Hybrid BiGRU-CNN Model for Load Forecasting in Smart Grids with High Renewable Energy Integration

Abstract

Integrating renewable energy sources into smart grids increases supply and demand management because renewable energy sources are intermittent and variable. To overcome this type of challenge, short-term load forecasting (STLF) is essential for managing energy, demand-side flexibility, and the stability of smart grids with renewable energy integration. This paper presents a new model called BiGRU-CNN to improve the operation of STLF in smart grids. The BiGRU-CNN model integrates bidirectional gated recurrent units (BiGRUs) to model temporal dependencies and convolutional neural networks (CNNs) to extract spatial patterns from energy consumption data. The newly developed BiGRU captures past and future contexts through bidirectional processing, and the CNN component extracts high-level features to enhance the accuracy of load demand prediction. The BiGRU-CNN model is compared with two other hybrid models, CNN-LSTM and CNN-GRU, on real-world data from American electric power (AEP) and ISONE datasets.
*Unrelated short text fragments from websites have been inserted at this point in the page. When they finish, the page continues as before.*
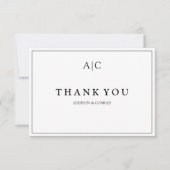 Minimalistische witte monogram bruiloft bedankkaar bedankkaart (Voorkant)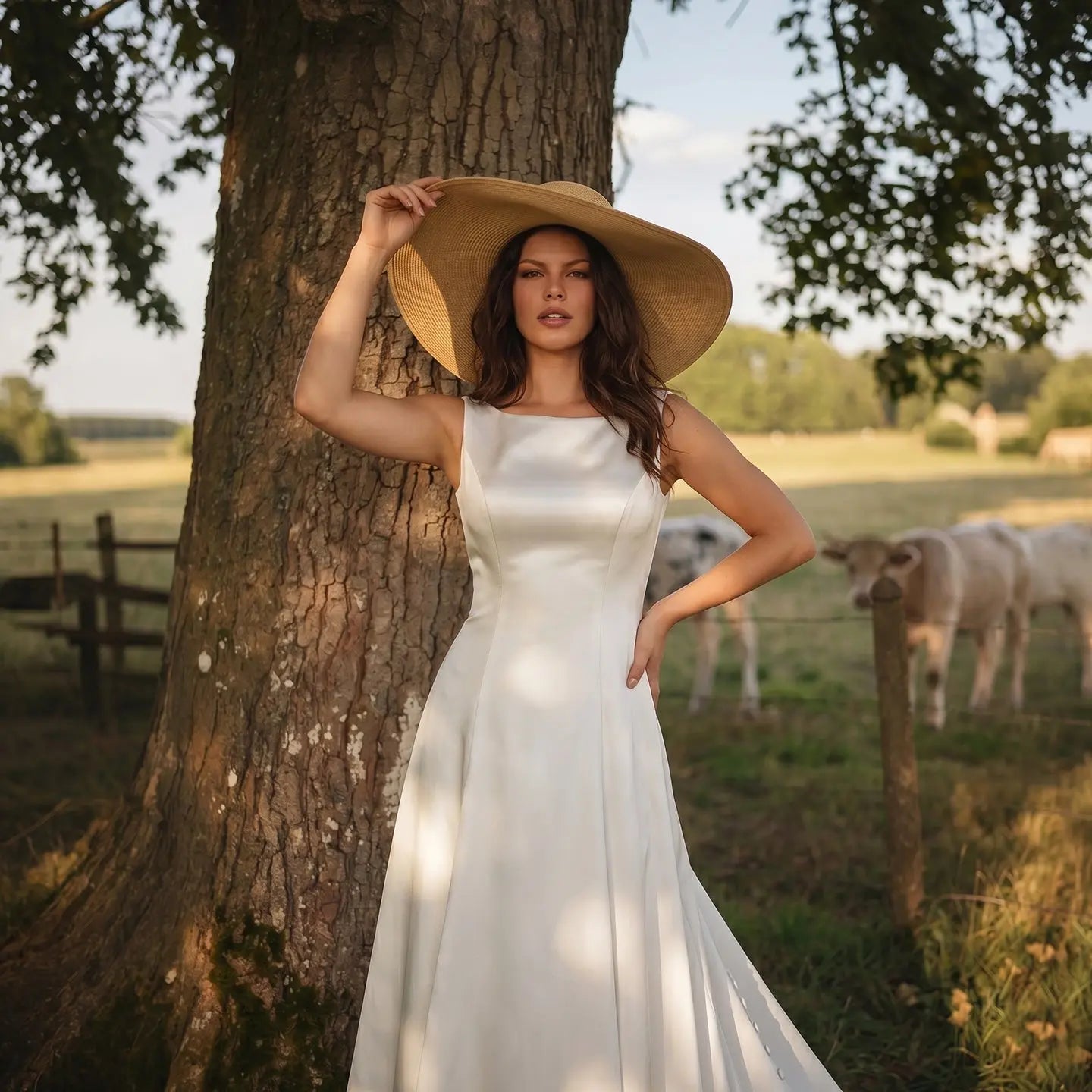 Romantic White Sleeveless Satin Wedding Dress with Low Back ZP052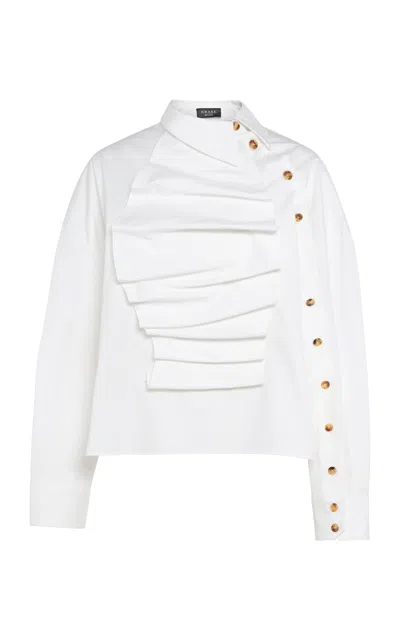 A.w.a.k.e. Cotton-blend Voluminous Bib-front Top In White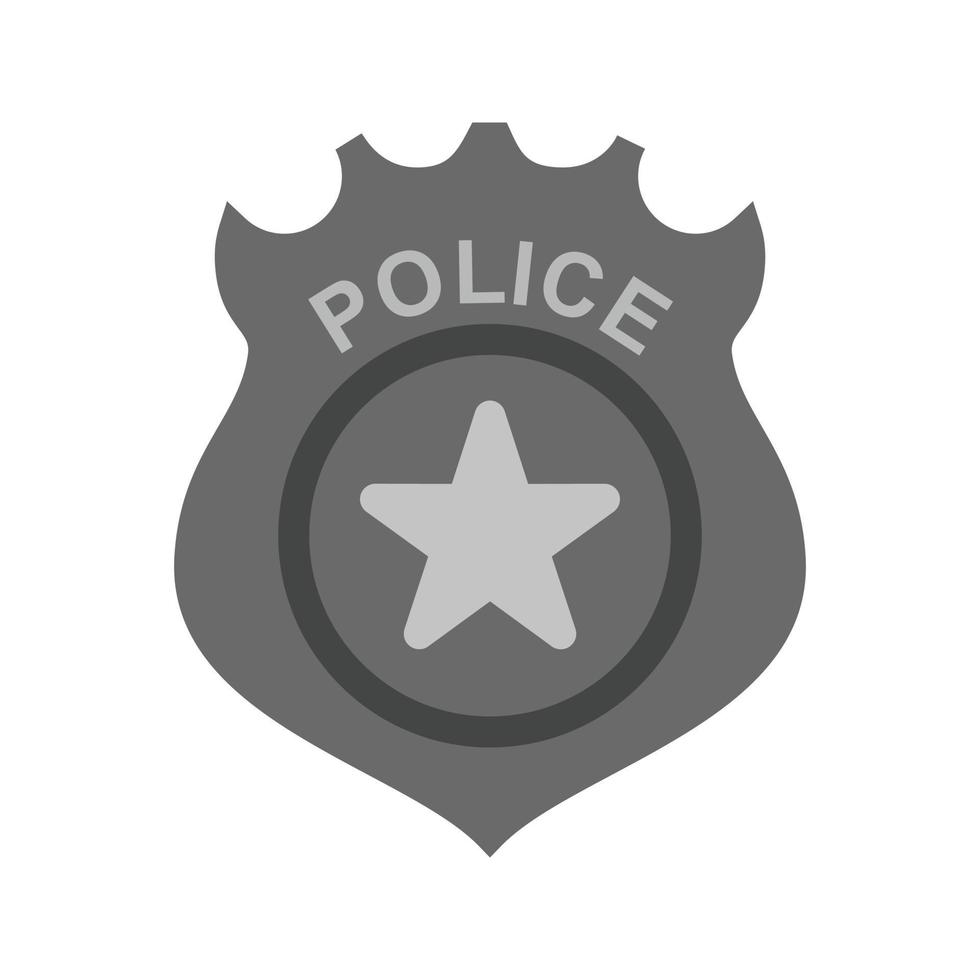 Polizeiabzeichen flaches Graustufensymbol vektor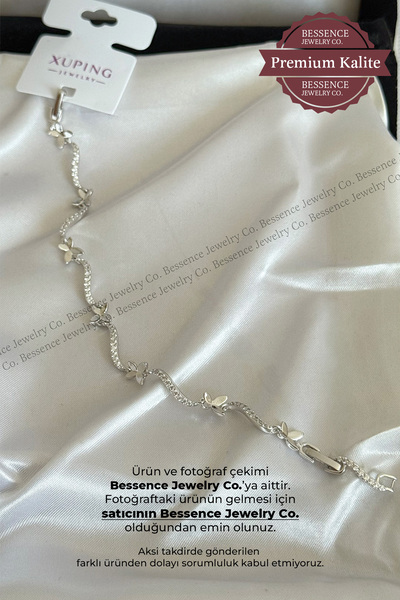 BESSENCE JEWELRY CO. Xuping Silver VIP Zarif Kelebek Detaylı Zirkon Taşlı Su ...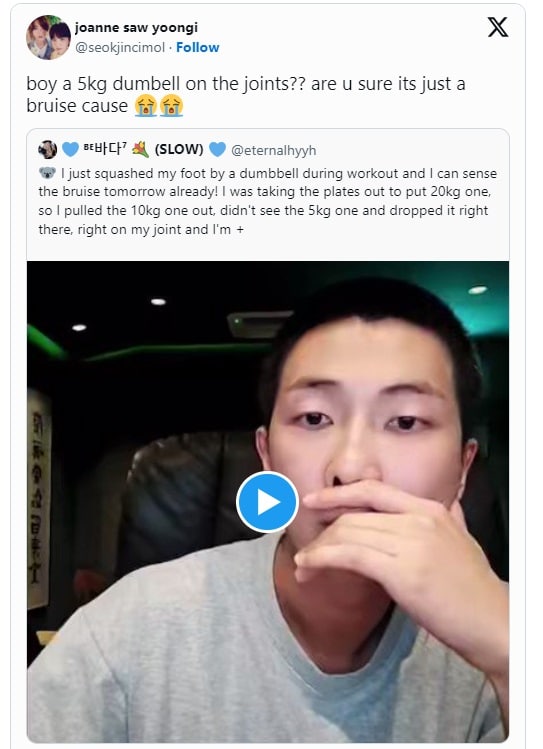 RM из BTS вернулся к своей «неуклюжей» репутации, рассказав о недавней травме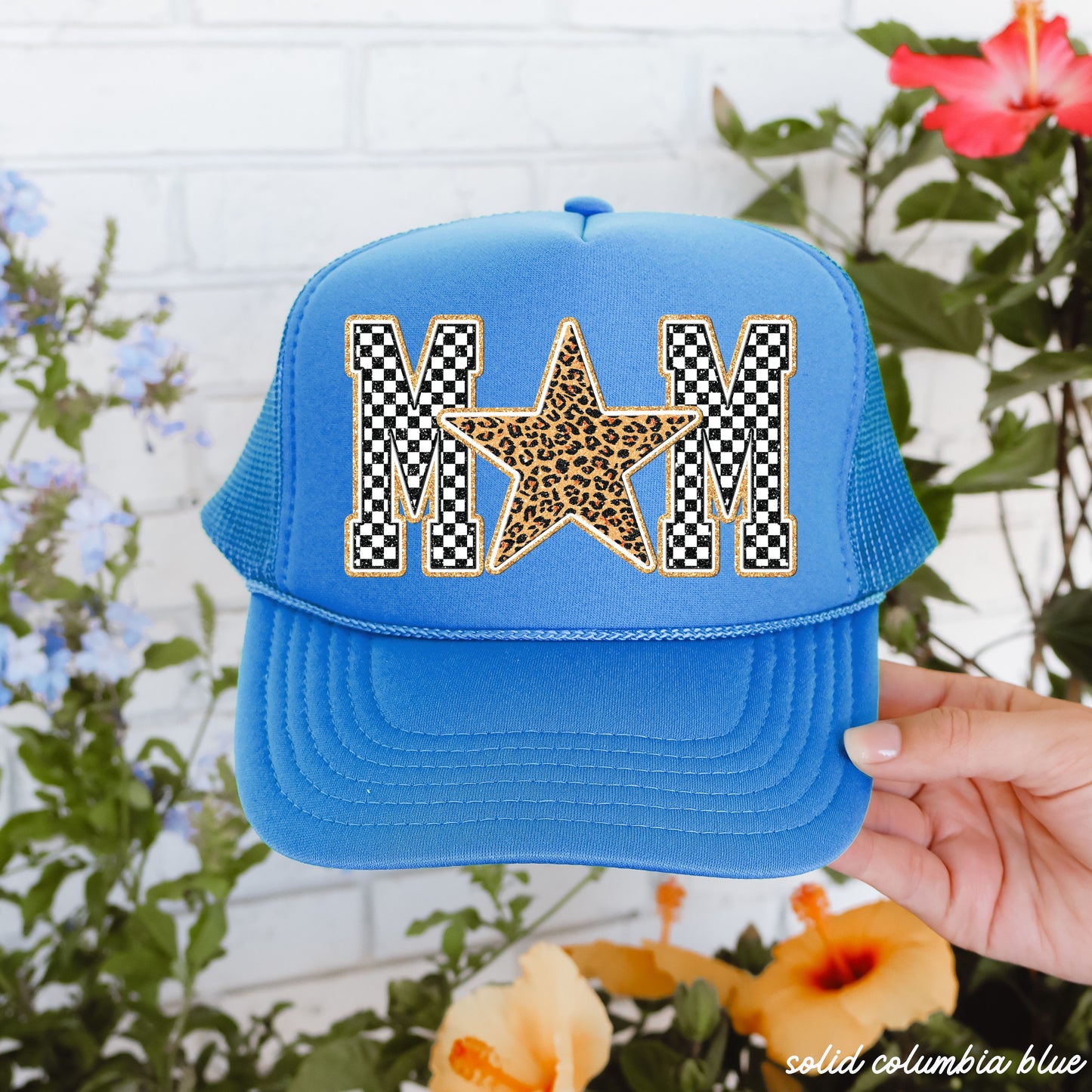 Checkered Star Mom Trucker Hat *13 COLORS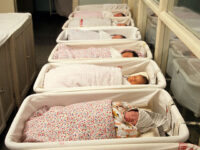 View of a group of newborn babies in cribs at Youyi Hospital, Beijing, China, February 199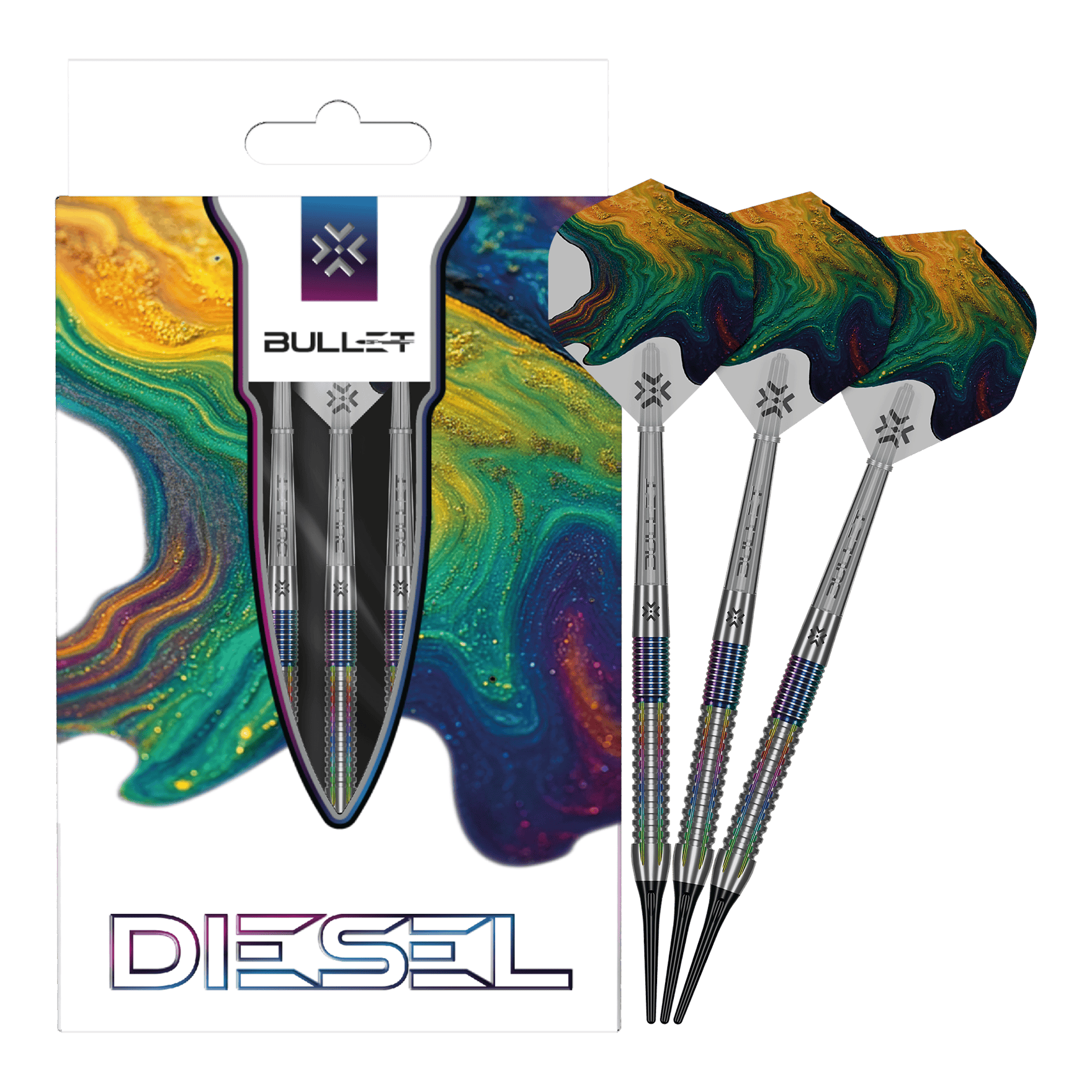 Bullet Diesel V2 softdarts - 20 g Auf dem Foto sind Bullet Diesel V2 20g Soft Darts zu sehen. Sie eignen sich gut für Softdartspieler.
Simulation results show that the proposed BiGRU-CNN outperforms other models, with single-step forecasting yielding root mean square error (RMSE) of 121.43 (AEP) and 123.57 (ISONE), mean absolute error (MAE) of 90.95 (AEP) and 62.97 (ISONE), and mean absolute percentage error (MAPE) of 0.61% (AEP) and 0.41% (ISONE). For multi-step forecasting, the model yields RMSE of 680.02 (AEP) and 581.12 (ISONE), MAE of 481.12 (AEP) and 411.20 (ISONE), and MAPE of 3.27% (AEP) and 2.91% (ISONE). The results show that the BiGRU-CNN model can generate accurate and reliable STLF, which is useful in managing massive renewable energy-integrated smart grids.